Uki menatap tajam ibu tirinya. "Mona sedang ujian Prasemester, jangan pede dulu!"

Ariana memasukkan lagi keripik pisang ke mulutnya. Ia mengunyah dengan hati-hati. "Kamu sendiri, bagaimana? Bisa jawab semua?"

"Aku tidak perlu memberitahumu!"

Mengangguk, Ariana tidak bertanya lagi. "Aku sudah menyiapkan tiket ke Inggris. Semoga berhasil."

Mata Uki berkaca-kaca. Ia marah, pada semua orang. Mungkin, ia harus ikut ujian ulang untuk menambah nilainya.
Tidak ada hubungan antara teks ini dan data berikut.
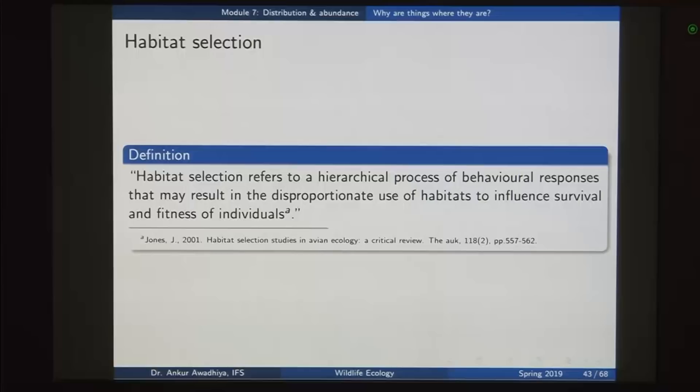Another factor that may play a role in biogeography is habitat selection. Habitat selection refers to a hierarchical process of behavioral responses that may result in disproportionate use of habitat to influence survival and fitness of individuals.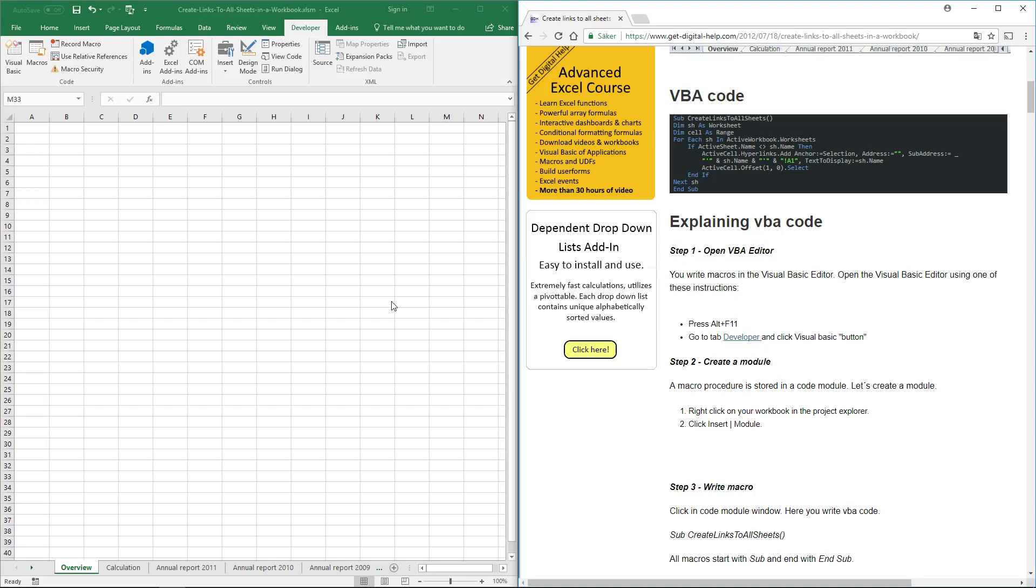In this video, I'll show you a macro that creates links to all the worksheets in the workbook. Simply copy the code from my website.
Menghentakkan kaki, gadis itu meninggalkan Ariana.

Saat Ariana sedang minum susu di dapur, Ardi menghampirinya. "Jangan membuat masalah. Tim audit sudah membuatmu lelah."

"Makasih perhatiannya," kata Ariana.

"Bella mungkin tidak akan diam saja."

"Aku tidak punya urusan dengannya." Ariana sudah selesai.

"Dengarkan saya."

Ariana melihat tatapan Ardi. Laki-laki itu sangat ingin menyentuh perutnya. Saat Ariana mundur, Ardi membuang muka.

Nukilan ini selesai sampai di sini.